▸ **Your goal**
Nothing but the text of the records belongs in your answer: repeat all of it exactly and leave out the images.

▸ **Records for this task**
━━━
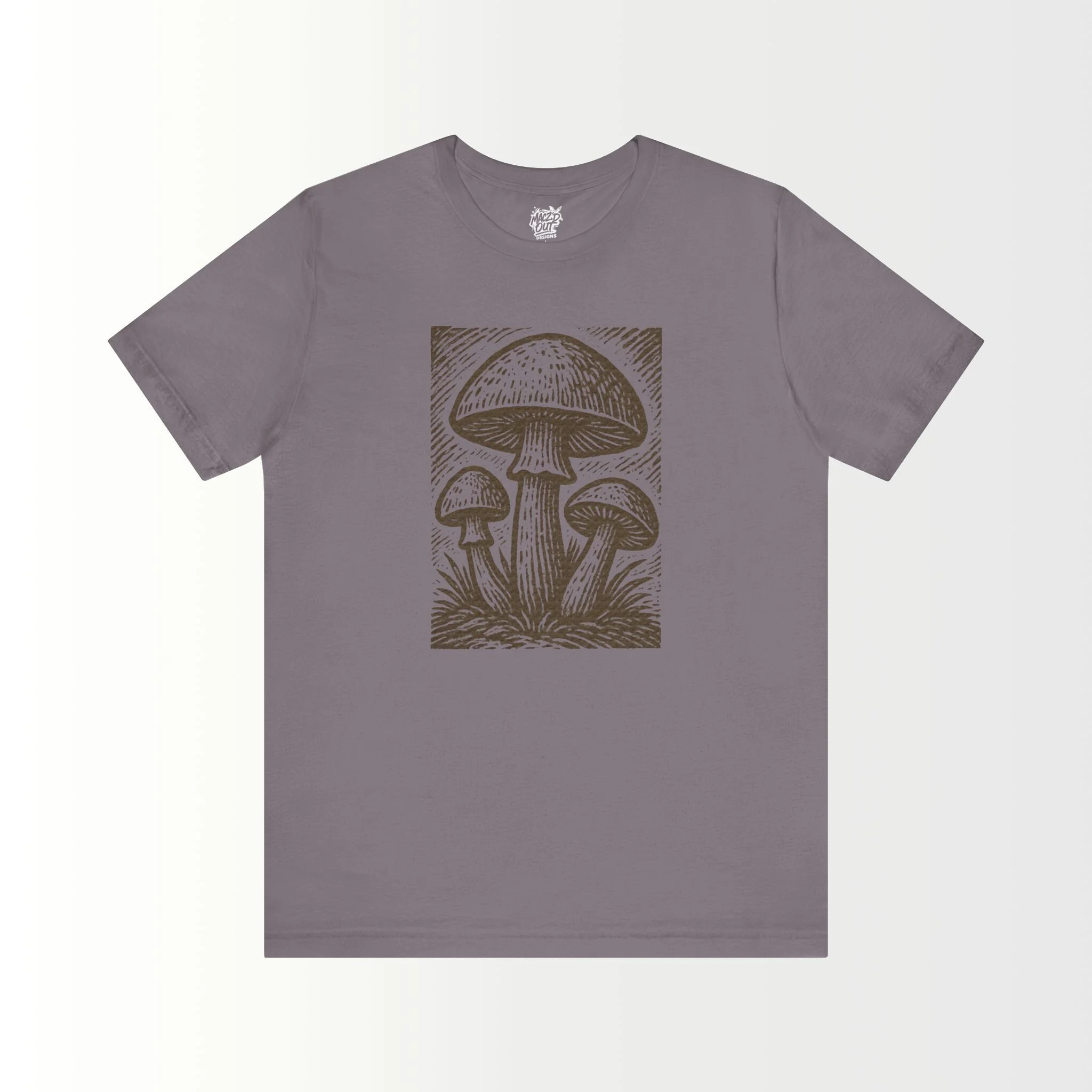 001 Mushroom T-Shirt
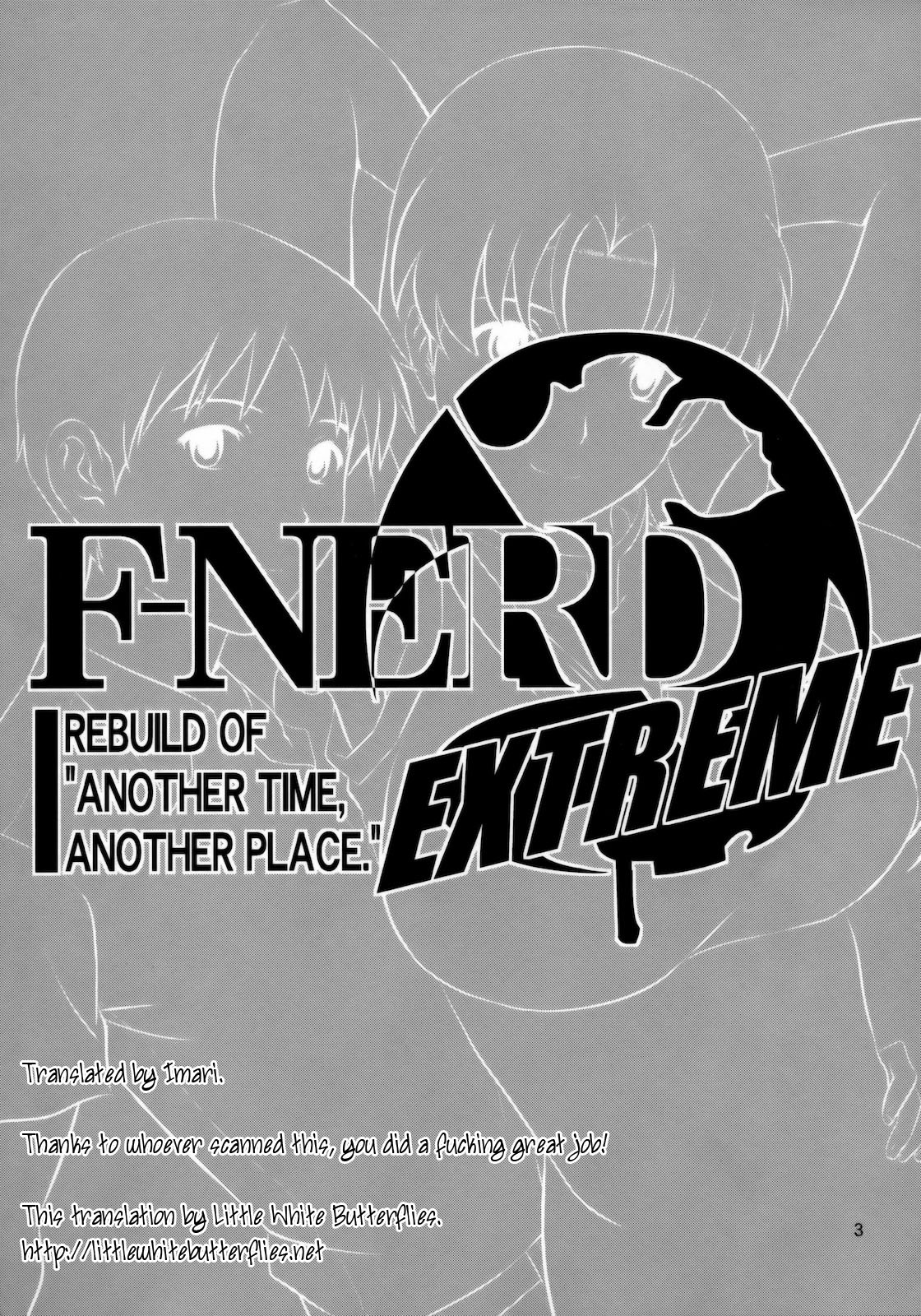 Extreme Nerd Porn - F-NERD EXTREME =Imari= - Page 3 - Comic Porn XXX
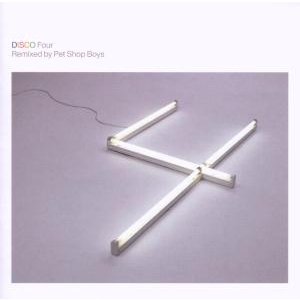 Cover for Pet Shop Boys · Disco 4 (CD) (2007)
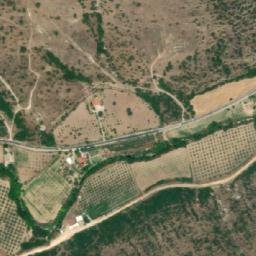 Satellite imagery of TUTGA Noktası BAĞYOLU, TR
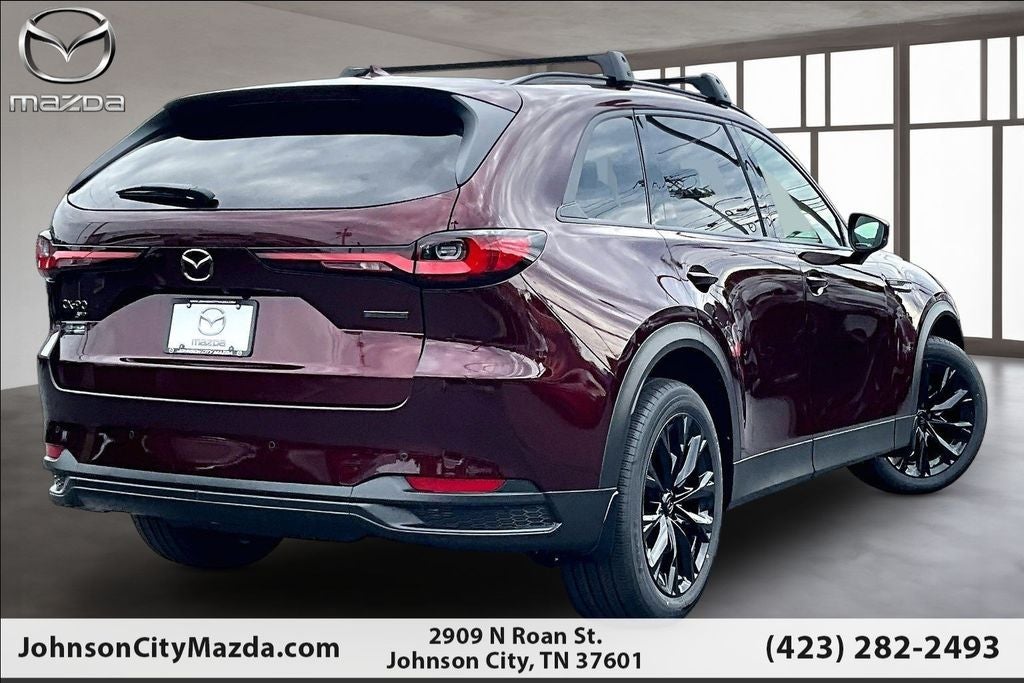 2026 Mazda Mazda CX-90 3.3 Turbo Premium Sport AWD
━━━
▸ **Exercise answer**
 001 Mushroom T-Shirt
 Extreme Nerd Porn - F-NERD EXTREME =Imari= - Page 3 - Comic Porn XXX
 Cover for Pet Shop Boys · Disco 4 (CD) (2007)
 Satellite imagery of TUTGA Noktası BAĞYOLU, TR
 2026 Mazda Mazda CX-90 3.3 Turbo Premium Sport AWD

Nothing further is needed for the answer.